Comunque esclusi. È questa il destino che ci ha regalato l’approvazione della Legge Cirinnà sulle unioni civili. Da oggi possiamo unirci civilmente: finalmente anche l’Italia ha riconosciuto alle coppie omosessuali diritti basilari. Il problema è che questi diritti sono contenuti in un bonsai giuridico che risolve solo alcuni dei problemi pratici delle coppie ma non soddisfa la richiesta sostanziale sulla quale la comunità LGBT si batte da anni: non garantisce l’uguaglianza formale di fronte alla legge. Le unioni civili in generale, infatti, non sono concretamente in grado di coprire tutta l’area di tutele dei diritti-doveri che il matrimonio riconosce alla famiglia. Queste unioni civili poi, sono il frutto acerbo di compromessi, accordi al ribasso e accomodamenti pasticciati su insanabili divergenze ideologiche.

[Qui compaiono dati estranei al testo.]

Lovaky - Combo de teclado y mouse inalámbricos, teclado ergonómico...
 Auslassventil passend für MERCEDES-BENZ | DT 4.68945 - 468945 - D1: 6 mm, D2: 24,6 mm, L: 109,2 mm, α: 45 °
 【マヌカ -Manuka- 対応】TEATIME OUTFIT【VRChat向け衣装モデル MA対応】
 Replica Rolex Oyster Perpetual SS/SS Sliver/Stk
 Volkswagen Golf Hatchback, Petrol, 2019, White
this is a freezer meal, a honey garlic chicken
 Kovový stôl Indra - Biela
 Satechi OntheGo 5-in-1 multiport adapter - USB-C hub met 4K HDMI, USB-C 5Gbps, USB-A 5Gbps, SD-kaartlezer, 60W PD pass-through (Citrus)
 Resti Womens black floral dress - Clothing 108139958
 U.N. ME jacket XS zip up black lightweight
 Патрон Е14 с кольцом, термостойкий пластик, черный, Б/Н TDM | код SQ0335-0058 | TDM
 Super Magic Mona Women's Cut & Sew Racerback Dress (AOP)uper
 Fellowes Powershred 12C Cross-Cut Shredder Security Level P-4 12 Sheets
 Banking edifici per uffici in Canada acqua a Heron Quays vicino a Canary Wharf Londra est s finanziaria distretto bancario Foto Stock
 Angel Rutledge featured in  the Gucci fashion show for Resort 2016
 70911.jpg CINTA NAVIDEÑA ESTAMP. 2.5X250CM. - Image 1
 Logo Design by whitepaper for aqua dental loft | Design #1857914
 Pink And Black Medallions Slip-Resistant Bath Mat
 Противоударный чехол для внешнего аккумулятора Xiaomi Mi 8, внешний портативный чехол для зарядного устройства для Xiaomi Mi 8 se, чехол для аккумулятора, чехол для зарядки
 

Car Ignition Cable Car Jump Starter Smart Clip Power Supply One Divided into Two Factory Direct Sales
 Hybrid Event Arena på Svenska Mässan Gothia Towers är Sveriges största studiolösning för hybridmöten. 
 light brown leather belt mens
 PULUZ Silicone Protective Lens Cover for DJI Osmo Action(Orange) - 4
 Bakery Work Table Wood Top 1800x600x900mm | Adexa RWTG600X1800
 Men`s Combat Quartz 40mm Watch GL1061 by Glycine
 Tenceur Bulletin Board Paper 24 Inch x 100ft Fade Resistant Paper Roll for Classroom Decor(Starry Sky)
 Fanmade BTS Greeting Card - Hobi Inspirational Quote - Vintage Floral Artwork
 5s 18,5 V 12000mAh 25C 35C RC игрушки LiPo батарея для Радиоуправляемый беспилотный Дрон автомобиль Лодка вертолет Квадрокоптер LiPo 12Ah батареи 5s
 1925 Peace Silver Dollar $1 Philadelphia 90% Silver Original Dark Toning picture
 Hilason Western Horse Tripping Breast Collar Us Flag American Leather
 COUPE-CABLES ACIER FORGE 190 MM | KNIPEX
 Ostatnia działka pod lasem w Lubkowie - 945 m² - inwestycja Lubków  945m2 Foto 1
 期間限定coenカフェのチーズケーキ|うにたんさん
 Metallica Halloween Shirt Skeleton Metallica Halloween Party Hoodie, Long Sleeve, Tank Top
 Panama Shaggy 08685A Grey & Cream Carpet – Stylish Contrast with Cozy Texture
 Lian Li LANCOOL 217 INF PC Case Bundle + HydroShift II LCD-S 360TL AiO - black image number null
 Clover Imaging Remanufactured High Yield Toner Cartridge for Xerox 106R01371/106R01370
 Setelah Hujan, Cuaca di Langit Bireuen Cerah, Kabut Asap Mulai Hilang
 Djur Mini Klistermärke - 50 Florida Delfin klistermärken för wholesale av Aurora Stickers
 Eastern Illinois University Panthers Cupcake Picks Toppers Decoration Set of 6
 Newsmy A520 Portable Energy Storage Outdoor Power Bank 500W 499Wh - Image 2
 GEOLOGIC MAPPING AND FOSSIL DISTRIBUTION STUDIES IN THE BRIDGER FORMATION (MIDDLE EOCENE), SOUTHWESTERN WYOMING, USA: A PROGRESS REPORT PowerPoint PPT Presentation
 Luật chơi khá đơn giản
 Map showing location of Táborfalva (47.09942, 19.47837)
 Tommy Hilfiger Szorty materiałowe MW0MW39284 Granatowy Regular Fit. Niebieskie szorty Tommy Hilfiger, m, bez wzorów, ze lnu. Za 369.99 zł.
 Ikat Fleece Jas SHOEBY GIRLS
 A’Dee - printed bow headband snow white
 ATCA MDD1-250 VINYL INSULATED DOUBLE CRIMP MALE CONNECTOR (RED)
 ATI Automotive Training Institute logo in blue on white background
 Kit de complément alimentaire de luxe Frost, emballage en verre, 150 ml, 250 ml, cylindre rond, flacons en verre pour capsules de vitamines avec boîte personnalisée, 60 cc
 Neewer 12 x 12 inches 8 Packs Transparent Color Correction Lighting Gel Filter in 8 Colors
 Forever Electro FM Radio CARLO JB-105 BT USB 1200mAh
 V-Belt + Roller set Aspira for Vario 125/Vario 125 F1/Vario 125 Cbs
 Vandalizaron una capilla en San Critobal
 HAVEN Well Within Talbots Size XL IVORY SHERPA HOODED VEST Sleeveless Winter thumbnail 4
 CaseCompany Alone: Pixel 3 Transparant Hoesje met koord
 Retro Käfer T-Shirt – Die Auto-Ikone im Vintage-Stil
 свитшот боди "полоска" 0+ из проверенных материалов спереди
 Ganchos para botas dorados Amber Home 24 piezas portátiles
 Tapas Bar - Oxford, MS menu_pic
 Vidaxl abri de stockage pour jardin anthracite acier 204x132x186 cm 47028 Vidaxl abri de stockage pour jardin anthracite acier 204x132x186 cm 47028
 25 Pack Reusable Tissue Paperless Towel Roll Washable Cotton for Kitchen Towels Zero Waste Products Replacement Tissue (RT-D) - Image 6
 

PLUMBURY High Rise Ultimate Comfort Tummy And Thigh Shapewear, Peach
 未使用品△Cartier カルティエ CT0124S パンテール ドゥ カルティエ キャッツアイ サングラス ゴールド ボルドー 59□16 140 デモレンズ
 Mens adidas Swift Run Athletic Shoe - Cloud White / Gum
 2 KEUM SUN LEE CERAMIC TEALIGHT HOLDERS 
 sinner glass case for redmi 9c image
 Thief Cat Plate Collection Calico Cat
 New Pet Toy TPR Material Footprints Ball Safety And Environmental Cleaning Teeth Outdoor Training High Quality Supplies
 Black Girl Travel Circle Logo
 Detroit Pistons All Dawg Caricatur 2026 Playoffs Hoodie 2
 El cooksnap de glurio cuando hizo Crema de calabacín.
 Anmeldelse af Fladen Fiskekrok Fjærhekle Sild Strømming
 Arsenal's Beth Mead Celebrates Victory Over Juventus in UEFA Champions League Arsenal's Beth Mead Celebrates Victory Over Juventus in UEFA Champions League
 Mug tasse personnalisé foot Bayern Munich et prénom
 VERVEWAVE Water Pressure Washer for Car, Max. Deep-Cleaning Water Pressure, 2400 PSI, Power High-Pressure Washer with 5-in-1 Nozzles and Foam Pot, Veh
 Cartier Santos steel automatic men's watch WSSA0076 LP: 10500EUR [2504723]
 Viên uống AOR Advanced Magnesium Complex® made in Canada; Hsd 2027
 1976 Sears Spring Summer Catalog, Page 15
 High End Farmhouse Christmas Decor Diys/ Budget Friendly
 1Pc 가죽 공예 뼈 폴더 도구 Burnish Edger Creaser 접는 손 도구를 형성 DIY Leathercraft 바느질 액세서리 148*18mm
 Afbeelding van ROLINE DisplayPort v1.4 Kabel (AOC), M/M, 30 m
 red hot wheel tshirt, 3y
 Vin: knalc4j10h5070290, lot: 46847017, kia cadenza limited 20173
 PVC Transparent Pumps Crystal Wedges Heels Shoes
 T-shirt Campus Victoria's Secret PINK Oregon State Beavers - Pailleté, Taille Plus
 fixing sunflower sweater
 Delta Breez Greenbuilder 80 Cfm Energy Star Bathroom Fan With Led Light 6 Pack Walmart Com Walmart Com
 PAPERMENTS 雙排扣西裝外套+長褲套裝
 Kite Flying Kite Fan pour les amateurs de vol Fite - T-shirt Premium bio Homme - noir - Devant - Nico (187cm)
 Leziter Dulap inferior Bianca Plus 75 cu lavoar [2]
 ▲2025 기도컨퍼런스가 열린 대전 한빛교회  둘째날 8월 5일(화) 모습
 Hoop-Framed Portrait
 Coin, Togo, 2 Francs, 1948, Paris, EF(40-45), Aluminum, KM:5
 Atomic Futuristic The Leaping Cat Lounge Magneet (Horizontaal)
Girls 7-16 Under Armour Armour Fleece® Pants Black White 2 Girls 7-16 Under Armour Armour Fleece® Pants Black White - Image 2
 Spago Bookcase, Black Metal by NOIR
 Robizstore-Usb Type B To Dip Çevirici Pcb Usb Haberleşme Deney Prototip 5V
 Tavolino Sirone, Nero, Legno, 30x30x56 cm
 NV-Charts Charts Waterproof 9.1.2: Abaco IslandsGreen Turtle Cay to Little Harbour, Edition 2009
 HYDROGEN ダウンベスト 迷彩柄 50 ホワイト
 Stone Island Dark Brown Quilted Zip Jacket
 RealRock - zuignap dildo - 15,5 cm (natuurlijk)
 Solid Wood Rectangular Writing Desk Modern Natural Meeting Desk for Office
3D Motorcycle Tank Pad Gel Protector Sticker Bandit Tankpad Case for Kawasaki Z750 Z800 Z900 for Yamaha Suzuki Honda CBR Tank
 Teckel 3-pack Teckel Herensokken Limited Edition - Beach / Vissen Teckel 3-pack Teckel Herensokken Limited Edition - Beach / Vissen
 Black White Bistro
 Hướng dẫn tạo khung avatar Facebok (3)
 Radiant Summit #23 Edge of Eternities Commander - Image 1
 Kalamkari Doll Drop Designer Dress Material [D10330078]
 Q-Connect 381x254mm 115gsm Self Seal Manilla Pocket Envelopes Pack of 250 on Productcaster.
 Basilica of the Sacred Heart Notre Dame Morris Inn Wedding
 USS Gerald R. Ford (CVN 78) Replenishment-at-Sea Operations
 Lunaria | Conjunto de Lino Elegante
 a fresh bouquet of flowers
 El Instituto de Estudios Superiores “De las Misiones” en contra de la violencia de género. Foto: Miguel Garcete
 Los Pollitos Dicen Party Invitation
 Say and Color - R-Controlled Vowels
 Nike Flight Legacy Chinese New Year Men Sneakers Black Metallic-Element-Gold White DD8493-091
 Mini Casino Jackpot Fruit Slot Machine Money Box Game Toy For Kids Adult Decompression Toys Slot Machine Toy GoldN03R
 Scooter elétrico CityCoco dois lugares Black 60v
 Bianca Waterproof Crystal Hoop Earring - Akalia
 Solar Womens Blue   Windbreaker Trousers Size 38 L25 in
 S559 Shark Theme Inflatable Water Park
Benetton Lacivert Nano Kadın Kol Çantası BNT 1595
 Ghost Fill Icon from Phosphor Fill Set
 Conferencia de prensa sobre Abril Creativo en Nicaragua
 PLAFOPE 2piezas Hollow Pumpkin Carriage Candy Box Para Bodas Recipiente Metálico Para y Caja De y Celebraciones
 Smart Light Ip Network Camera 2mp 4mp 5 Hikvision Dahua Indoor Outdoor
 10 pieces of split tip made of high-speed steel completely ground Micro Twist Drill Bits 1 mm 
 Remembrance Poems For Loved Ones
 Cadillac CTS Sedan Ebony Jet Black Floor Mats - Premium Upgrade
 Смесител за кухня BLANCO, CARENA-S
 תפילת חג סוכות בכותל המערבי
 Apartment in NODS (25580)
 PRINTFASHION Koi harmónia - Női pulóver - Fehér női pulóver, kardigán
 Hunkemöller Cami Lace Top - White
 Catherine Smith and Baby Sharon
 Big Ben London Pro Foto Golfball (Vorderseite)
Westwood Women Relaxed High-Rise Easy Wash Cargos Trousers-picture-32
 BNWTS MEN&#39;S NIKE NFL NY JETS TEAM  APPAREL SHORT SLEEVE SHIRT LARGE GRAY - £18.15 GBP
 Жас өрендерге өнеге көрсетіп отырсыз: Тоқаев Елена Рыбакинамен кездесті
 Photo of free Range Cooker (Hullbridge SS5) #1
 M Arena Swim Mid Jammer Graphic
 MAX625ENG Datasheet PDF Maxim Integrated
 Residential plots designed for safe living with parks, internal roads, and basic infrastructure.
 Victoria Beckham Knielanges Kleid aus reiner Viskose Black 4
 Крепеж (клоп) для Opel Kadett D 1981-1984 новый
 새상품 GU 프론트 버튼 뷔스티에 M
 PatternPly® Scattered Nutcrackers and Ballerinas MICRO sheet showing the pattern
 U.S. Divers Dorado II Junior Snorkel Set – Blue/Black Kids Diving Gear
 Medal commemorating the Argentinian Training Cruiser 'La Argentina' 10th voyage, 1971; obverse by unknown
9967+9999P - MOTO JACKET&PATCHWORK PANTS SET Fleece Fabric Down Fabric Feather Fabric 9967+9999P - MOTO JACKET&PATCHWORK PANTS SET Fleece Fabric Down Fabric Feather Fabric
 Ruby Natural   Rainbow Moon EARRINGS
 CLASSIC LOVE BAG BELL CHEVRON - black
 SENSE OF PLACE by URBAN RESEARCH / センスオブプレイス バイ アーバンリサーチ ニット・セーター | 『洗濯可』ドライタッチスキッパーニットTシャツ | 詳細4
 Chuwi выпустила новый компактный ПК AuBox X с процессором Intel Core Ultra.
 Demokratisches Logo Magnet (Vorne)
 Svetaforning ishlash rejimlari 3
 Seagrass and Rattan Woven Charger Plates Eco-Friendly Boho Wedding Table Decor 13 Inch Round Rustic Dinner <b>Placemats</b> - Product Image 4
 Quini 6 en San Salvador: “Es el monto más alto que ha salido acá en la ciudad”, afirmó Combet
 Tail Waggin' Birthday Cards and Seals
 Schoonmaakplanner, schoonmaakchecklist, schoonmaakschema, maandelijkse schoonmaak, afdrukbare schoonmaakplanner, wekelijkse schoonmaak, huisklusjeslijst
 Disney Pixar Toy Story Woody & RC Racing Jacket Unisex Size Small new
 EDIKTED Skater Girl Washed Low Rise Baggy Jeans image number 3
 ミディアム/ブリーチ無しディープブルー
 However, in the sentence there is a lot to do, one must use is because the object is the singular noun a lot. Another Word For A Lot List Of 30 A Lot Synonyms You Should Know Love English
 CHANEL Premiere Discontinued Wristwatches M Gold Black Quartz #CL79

La Cirinnà, per esempio, esclude e discrimina. Semplificando: se per salire sullo stesso autobus degli eterosessuali i vostri figli rimanessero bloccati alla fermata prendereste quell’autobus?
Non solo: l’introduzione delle unioni civili impedisce alle coppie omosessuali l’accesso al diritto fondamentale al matrimonio, e, viceversa, agli eterosessuali l’accesso alle unioni. Semplificando: in un albergo gli omosessuali hanno accesso a camere economiche e piccole, gli eterosessuali a quelle ampie e di lusso, senza possibilità di scegliere.
È poi una legge che contiene un pregiudizio macroscopico negativo (che la dice lunga sulla sensibilità dei nostri politici-legislatori) nella mancanza del dovere di fedeltà una tra le differenze fra l’unione civile e il matrimonio. È un po’ come dire: potete pure fingere di sposarvi, ma suvvia, sappiamo tutti che siete dei promiscui incalliti e non è credibile che siate in grado di impegnarvi nel rispetto l’uno dell’altro. La dignità del rapporto familiare eterosessuale non è la nostra dignità.
Insomma questa legge che rimarca differenza e fissa distinzioni offre alle coppie omosessuali il rango di non-famiglie, esattamente quello che erano prima dell’approvazione del provvedimento.
Non ci uniamo quindi ai festeggiamenti e ai cori trionfalistici dei politici e degli ultrà del renzismo: noi non festeggeremo fino al matrimonio e alla conquista dell’uguaglianza. Che resta un ideale etico e morale non ancora conquistato nel nostro paese.
La partita non si chiude qui. Politica e i politici, da domani, utilizzeranno l’alibi delle unioni civili per non concederci mezzo diritto in più. Per questo saremo ai pride di giugno e luglio. Per affermare l’orgoglio di quello che siamo, ribadire la grandezza del metterci la faccia in un paese che riconosce i diritti di coppia mortificandoci, esprimere la bellezza dei nostri affetti e, sopra a tutto, rimarcare l’urgenza di totale-piena-compiuta-intera uguaglianza di fronte alla legge.